Alternative aims of firms
Although the traditional theory of the firm assumes that all firms aim to maximise their profits, in reality firms may have a range of objectives. These alternative aims particularly arise in the case of public limited companies where there is a divorce (separation) between ownership and control; i.e. one set of people own these companies (the shareholders) and another set of people control them (the salaried managers and directors). Often there will be a difference between what the owners want (usually the maximum profit which maximises dividend payments) and what the controllers are trying to achieve (sometimes just a quiet life!).
There are thus many different aims that firms could pursue, but we shall just concentrate on the 3 specifically mentioned in the IB specification (sales revenue maximisation, sales volume maximisation and environmental aims) plus the aim of satisficing.
Figure 1 below usefully enables a comparison between profit maximisation, sales revenue maximisation and sales volume maximisation.
Firms maximise their profits where MR = MC, indicated by the point Q in Figure 1. Firms will also be maximising their profits where total revenue most exceeds total cost.

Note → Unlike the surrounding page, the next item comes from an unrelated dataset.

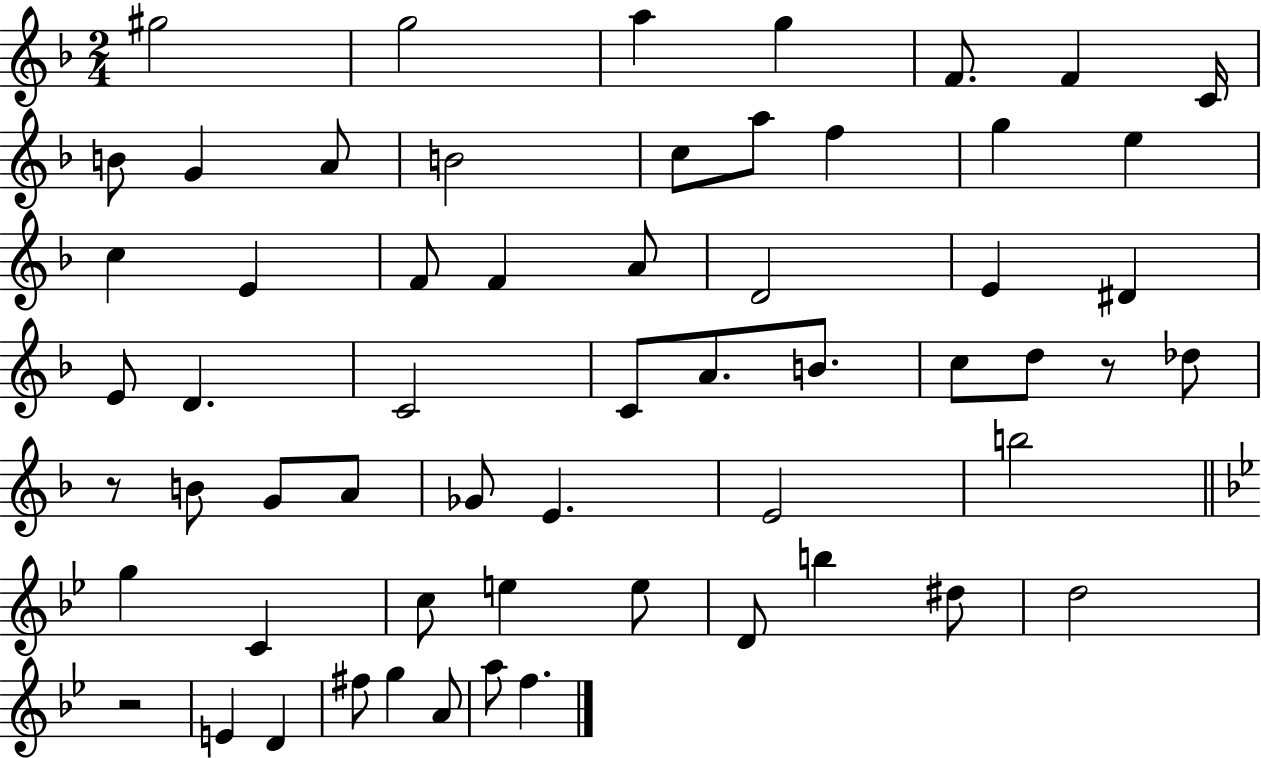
G#5/h G5/h A5/q G5/q F4/e. F4/q C4/s B4/e G4/q A4/e B4/h C5/e A5/e F5/q G5/q E5/q C5/q E4/q F4/e F4/q A4/e D4/h E4/q D#4/q E4/e D4/q. C4/h C4/e A4/e. B4/e. C5/e D5/e R/e Db5/e R/e B4/e G4/e A4/e Gb4/e E4/q. E4/h B5/h G5/q C4/q C5/e E5/q E5/e D4/e B5/q D#5/e D5/h R/h E4/q D4/q F#5/e G5/q A4/e A5/e F5/q.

Sales revenue maximisation.
In Figure 1, sales revenue is maximised at Q1 where MR = 0. This will correspond to the point where the (total revenue) is at a maximum. This is shown in Figure 2 below.
So long as MR is positive, even if it is falling, TR must be rising, as more is being added to TR. When MR becomes negative, TR must fall, as less is being added to TR. Thus when MR = 0, TR must be at its highest point.
It should also be noted from Figure 1 that the sales revenue maximising output is greater than the profit maximising level of output (i.e. OQ1 rather than OQ).
Managers may wish to maximise sales revenue rather than profits because
- their salaries might be tied to sales levels
- financial institutions may be more willing to lend to institutions with high sales levels
- rising sales may be deemed a more important indicator of success than rising profits.
Sales volume maximisation
In Figure 1, sales volume is maximised at OQ2, subject to a profit constraint, where AR = AC. The firm might be able to sell more than this, but the diagram shows that on all units of output beyond OQ2, AC is greater than AR and, therefore, a loss would be incurred. So, OQ2 maximise sales volume without a loss being incurred.
Managers may wish to maximise sales volume rather than profit because
- they may be seeking to maximise market share in the short run and to drive other firms out of the industry
- it may make the firm, being larger, less vulnerable to takeover
- again, their salaries may be related to sales / size of the firm
With increasing concern nationally and globally for the environment, firms may wish to be regarded as responsible members of the community by adopting environmentally friendly policies. Firms may enhance their 'green' image by sponsoring worthwhile events, donating funds to environmentally based charities / organisations or adopting practices which show a high level of concern for the environment. For example, supermarkets may sell fairtrade products, usually at a higher price than normal products, to show support for producers in developing countries.
In contrast to maximising behaviour,e.g. of profits or sales revenue. Satisficing theory suggests that the people in charge of business may decide to achieve a satisfactory performance across a range of indicators and not to maximise any one of them. This approach is more likely to keep all the firms stakeholders happy and is what is known as 'satisficing'. For example a firm hell - bent on making the maximum possible level of profit may have to reduce the quality of its products, hold down the wages of its workers and pollute the environment, thus falling foul of three of its important stakeholders, i.e. its customers, its employees and the local community respectively.
Thus, if the managers can make a satisfactory profit, rather than a maximum profit, the owners of the firm and the stakeholders will be happy and the managers will keep their jobs.